BILLINGS — Authorities are considering whether to bring criminal charges against a Montana 17-year-old who fired a bullet through his bedroom window, killing his friend in a case that an investigator described as an accident.
The unidentified suspect had been startled when 15-year-old Mackeon Schulte and another friend knocked on his window early Sunday, Billings Police Capt. John Bedford said.
The alarmed teen grabbed a revolver described as a family heirloom and shot through the glass, striking Schulte in the head, Bedford said.
Police are investigating the shooting as a homicide but it will be up to prosecutors to decide on charges. Bedford said the suspect was not considered a danger, and criminal charges could run the risk of “compounding a horrible situation.”

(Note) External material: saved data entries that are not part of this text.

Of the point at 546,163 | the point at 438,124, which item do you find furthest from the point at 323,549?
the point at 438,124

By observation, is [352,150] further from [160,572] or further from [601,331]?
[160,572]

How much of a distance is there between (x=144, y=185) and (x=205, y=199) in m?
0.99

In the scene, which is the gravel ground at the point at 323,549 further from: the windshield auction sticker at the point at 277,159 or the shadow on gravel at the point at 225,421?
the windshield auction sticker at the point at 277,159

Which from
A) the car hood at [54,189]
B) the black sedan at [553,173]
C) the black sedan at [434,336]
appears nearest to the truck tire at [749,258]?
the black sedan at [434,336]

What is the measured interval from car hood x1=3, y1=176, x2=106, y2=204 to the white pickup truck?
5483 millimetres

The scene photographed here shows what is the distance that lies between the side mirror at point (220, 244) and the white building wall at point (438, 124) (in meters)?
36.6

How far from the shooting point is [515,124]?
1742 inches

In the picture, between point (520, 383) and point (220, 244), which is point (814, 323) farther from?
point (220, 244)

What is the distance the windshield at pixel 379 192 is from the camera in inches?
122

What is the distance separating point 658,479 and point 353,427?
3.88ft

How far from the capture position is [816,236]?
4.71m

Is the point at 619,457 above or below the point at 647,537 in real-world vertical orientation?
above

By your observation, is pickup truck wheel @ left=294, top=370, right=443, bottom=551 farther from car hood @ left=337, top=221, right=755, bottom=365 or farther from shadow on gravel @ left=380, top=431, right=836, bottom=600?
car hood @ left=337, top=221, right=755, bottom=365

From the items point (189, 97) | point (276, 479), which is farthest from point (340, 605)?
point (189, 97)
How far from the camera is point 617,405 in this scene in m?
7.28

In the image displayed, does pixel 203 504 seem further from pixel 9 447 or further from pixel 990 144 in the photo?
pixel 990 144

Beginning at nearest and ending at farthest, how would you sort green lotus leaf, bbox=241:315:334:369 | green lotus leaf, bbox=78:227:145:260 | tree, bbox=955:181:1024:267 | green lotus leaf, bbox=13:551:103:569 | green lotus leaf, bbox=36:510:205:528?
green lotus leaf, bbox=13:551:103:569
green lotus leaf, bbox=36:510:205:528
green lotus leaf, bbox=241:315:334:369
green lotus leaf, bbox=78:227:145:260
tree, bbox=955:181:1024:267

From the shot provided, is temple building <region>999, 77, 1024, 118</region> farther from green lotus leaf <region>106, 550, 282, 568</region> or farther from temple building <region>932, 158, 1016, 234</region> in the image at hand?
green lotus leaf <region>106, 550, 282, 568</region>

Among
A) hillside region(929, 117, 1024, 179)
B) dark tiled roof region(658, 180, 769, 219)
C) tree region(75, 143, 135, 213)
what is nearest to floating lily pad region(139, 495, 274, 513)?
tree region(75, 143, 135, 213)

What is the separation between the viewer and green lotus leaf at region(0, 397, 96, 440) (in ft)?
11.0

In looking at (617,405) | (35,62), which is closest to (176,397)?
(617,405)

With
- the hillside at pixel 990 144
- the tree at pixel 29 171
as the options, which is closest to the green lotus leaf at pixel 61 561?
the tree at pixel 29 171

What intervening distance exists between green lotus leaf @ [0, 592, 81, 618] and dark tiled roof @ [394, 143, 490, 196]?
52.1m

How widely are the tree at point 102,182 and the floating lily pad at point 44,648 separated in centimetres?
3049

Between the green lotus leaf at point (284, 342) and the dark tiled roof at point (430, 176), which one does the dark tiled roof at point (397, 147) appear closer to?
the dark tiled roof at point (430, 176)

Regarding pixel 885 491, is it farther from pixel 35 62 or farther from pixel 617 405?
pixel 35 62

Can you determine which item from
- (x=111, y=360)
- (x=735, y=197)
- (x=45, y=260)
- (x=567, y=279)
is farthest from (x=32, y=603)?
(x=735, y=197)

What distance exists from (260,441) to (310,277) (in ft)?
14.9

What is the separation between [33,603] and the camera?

“We’re not going to rush to judgment,” Bedford said. “There’s enough damage that’s already been done.”
Prosecutors are planning a lengthy review, Yellowstone County Attorney Scott Twito said.
The victim’s family could not be reached for comment.

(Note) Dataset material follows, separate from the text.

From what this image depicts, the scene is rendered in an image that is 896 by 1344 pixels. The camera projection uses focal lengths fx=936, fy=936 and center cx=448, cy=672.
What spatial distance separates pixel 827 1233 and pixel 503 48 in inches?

Montana law recognizes three types of homicide — deliberate, mitigated and negligent — and all three will likely be on the table for prosecutors, said Andrew King-Ries, associate dean at the University of Montana School of Law.
Deliberate homicide, or murder, comes into a play when someone knowingly causes another person’s death, King-Ries said.
Mitigated homicide, equivalent to voluntary manslaughter, is when a person kills someone while under some kind of mental or emotional distress. Negligent homicide applies when a person should be aware that their actions could cause a death but chooses to disregard that risk.
“When you shoot a gun, you’re probably aware there’s a risk,” King-Ries said. “If you can establish negligence, it’s not an accident.”
But he added that prosecutors have broad latitude on whether to file charges and can consider the wishes of the victim’s family.
Prosecutors also must take into account whether a defendant can claim a killing was justified under Montana’s “castle doctrine” of self-defense.
That ploy was used unsuccessfully last year in another high-profile Montana shooting, in which a Missoula homeowner shot and killed a German exchange student in the homeowner’s garage.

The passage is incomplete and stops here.